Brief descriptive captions
▬▬▬▬▬▬▬▬▬▬
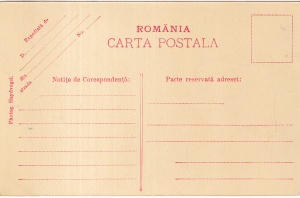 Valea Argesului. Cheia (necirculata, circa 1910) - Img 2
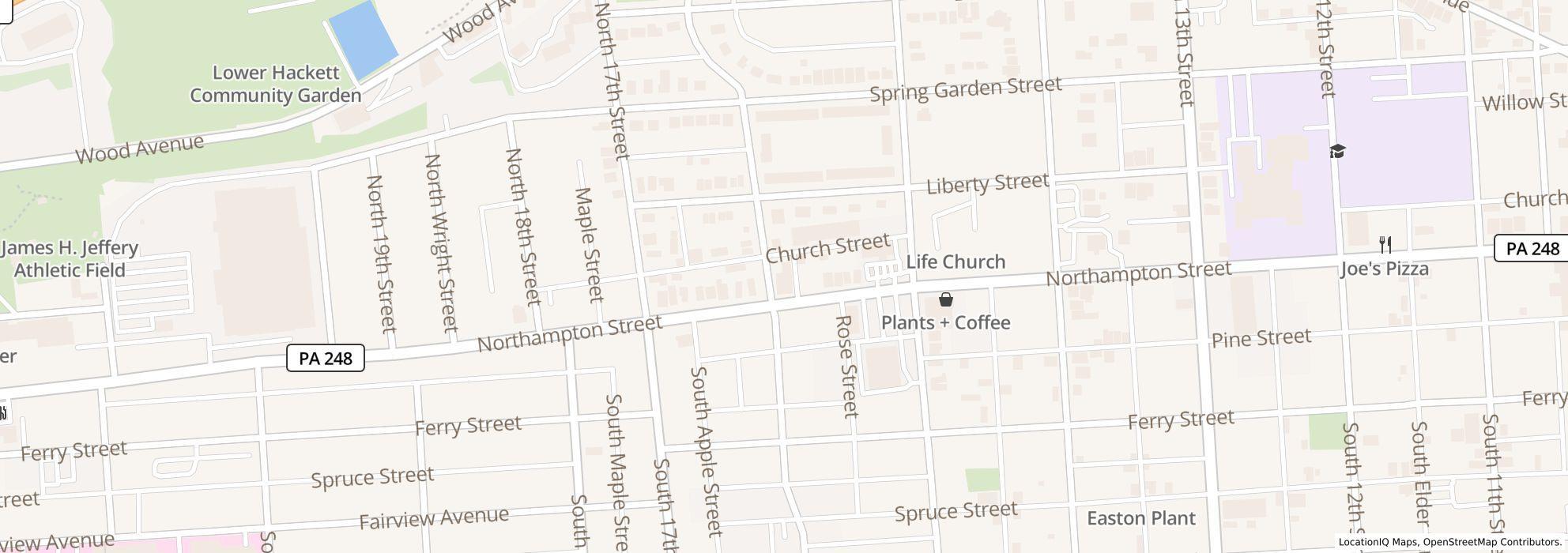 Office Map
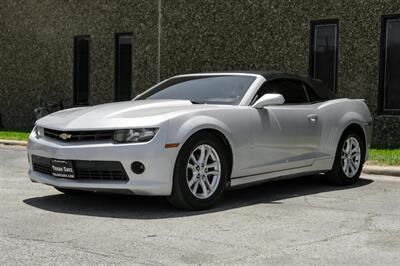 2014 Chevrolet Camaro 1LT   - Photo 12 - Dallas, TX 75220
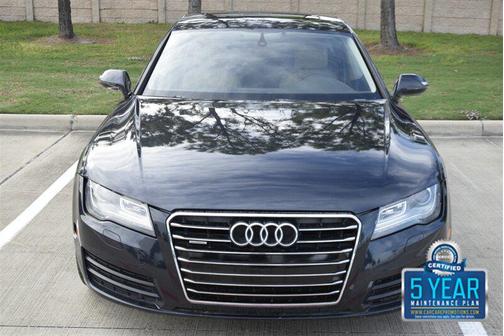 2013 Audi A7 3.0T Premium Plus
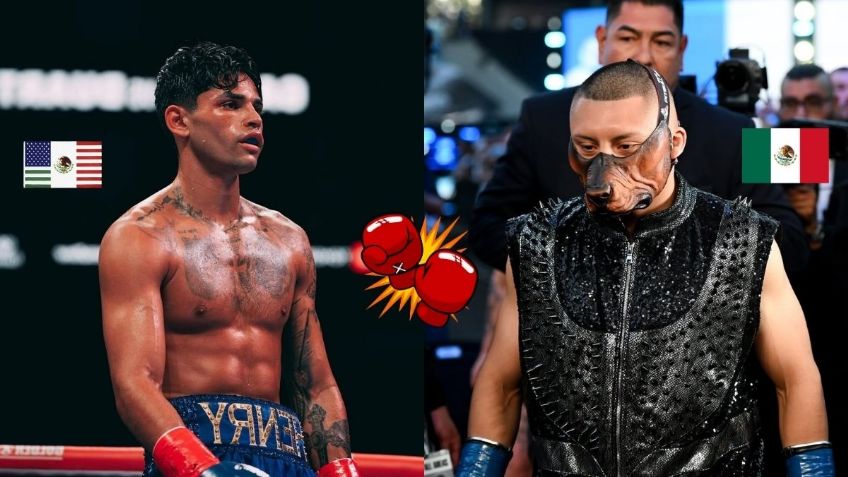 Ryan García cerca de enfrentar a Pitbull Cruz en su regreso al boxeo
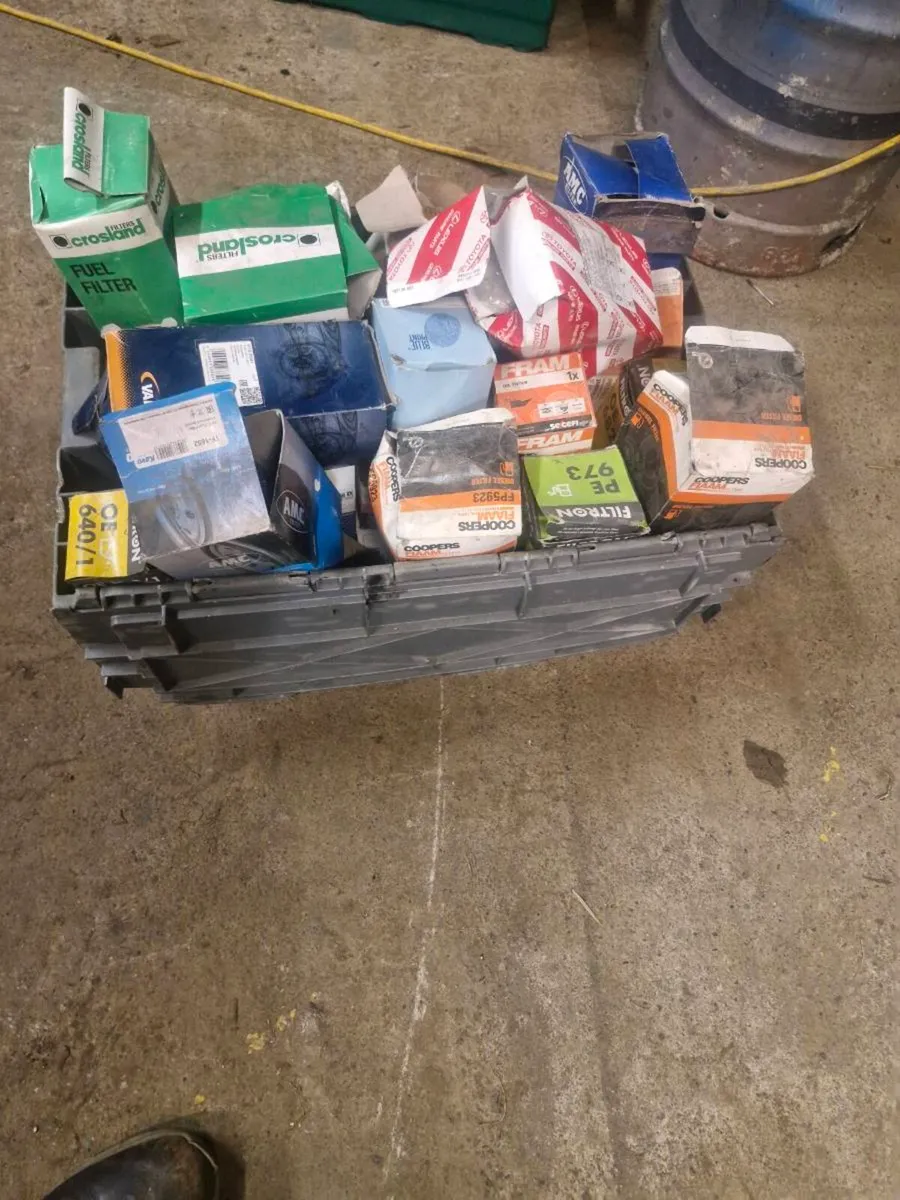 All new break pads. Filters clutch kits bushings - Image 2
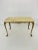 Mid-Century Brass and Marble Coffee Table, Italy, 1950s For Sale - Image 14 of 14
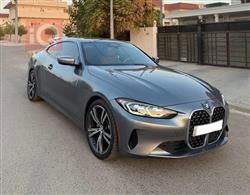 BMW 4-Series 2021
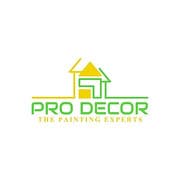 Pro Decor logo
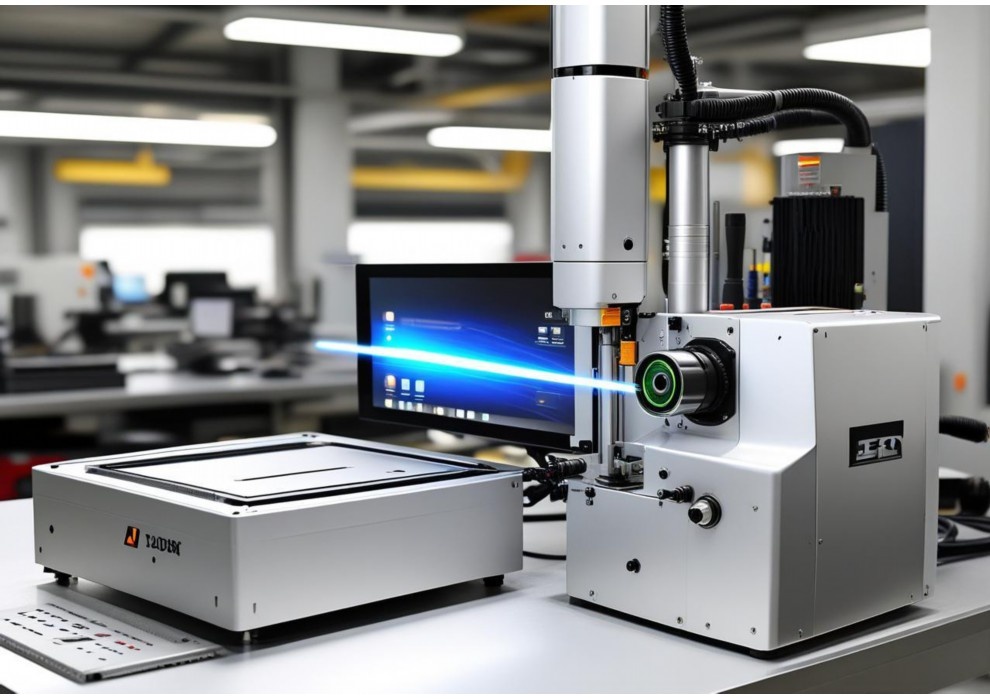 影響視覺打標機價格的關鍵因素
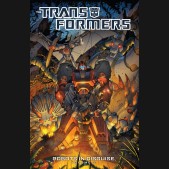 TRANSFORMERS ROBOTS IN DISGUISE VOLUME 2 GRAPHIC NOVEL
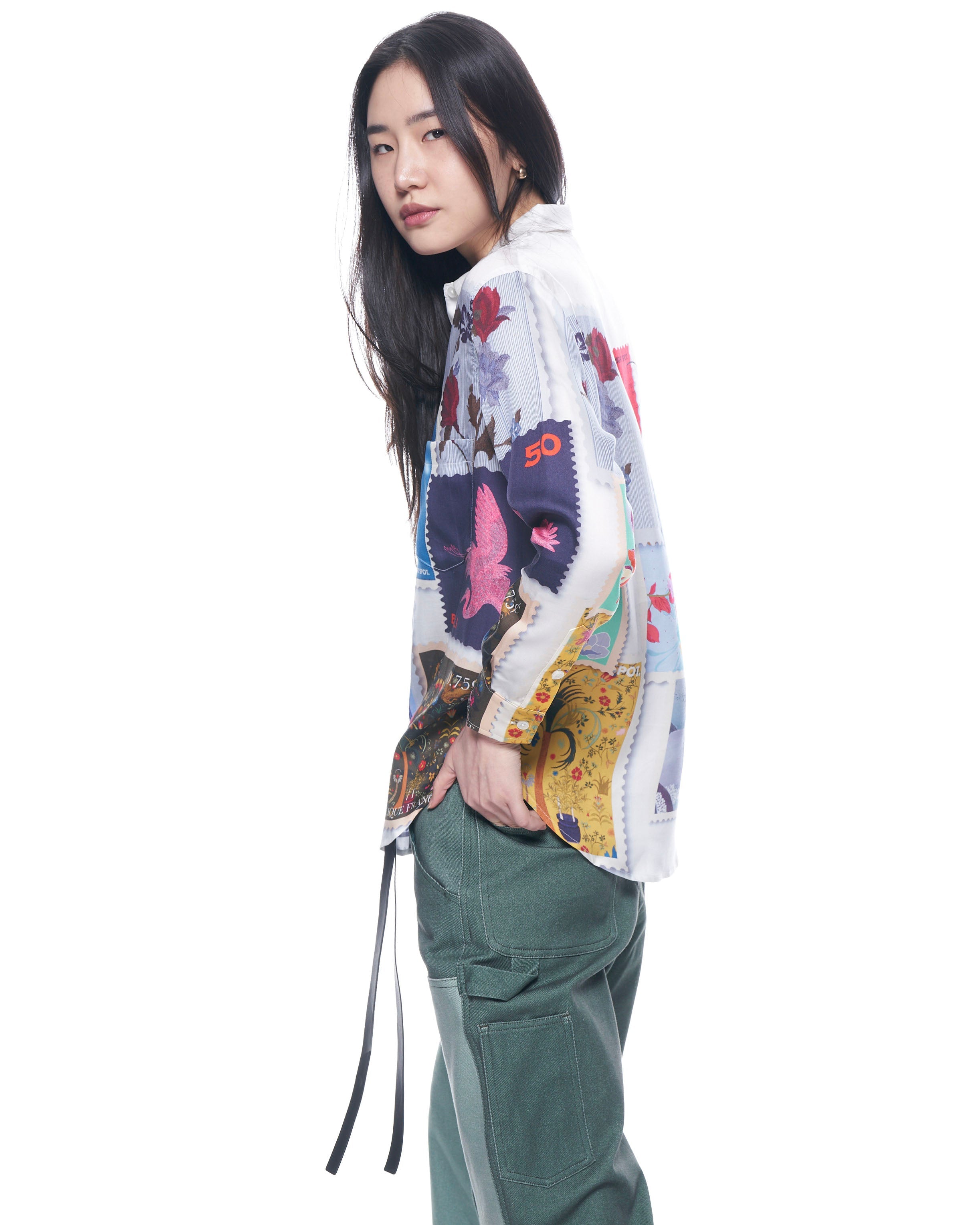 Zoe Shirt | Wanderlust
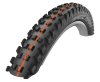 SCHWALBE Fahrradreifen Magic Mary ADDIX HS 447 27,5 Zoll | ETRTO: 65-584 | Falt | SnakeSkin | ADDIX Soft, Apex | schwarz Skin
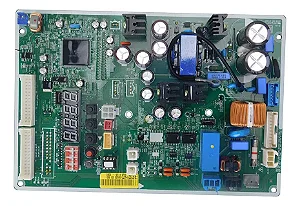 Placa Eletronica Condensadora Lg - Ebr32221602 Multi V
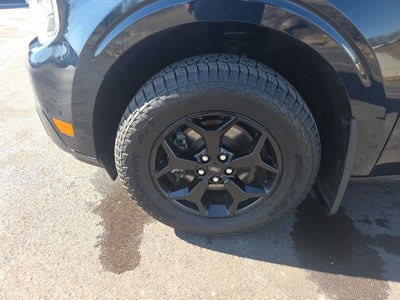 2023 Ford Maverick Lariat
▬▬▬▬▬▬▬▬▬▬
- [What to do] Transcribe each record exactly as it appears, but omit every picture.

- [Exercise solution]
 Valea Argesului. Cheia (necirculata, circa 1910) - Img 2
 Office Map
 2014 Chevrolet Camaro 1LT   - Photo 12 - Dallas, TX 75220
 2013 Audi A7 3.0T Premium Plus
 Ryan García cerca de enfrentar a Pitbull Cruz en su regreso al boxeo
 All new break pads. Filters clutch kits bushings - Image 2
 Mid-Century Brass and Marble Coffee Table, Italy, 1950s For Sale - Image 14 of 14
 BMW 4-Series 2021
 Pro Decor logo
 影響視覺打標機價格的關鍵因素
 TRANSFORMERS ROBOTS IN DISGUISE VOLUME 2 GRAPHIC NOVEL
 Zoe Shirt | Wanderlust
 SCHWALBE Fahrradreifen Magic Mary ADDIX HS 447 27,5 Zoll | ETRTO: 65-584 | Falt | SnakeSkin | ADDIX Soft, Apex | schwarz Skin
 Placa Eletronica Condensadora Lg - Ebr32221602 Multi V
 2023 Ford Maverick Lariat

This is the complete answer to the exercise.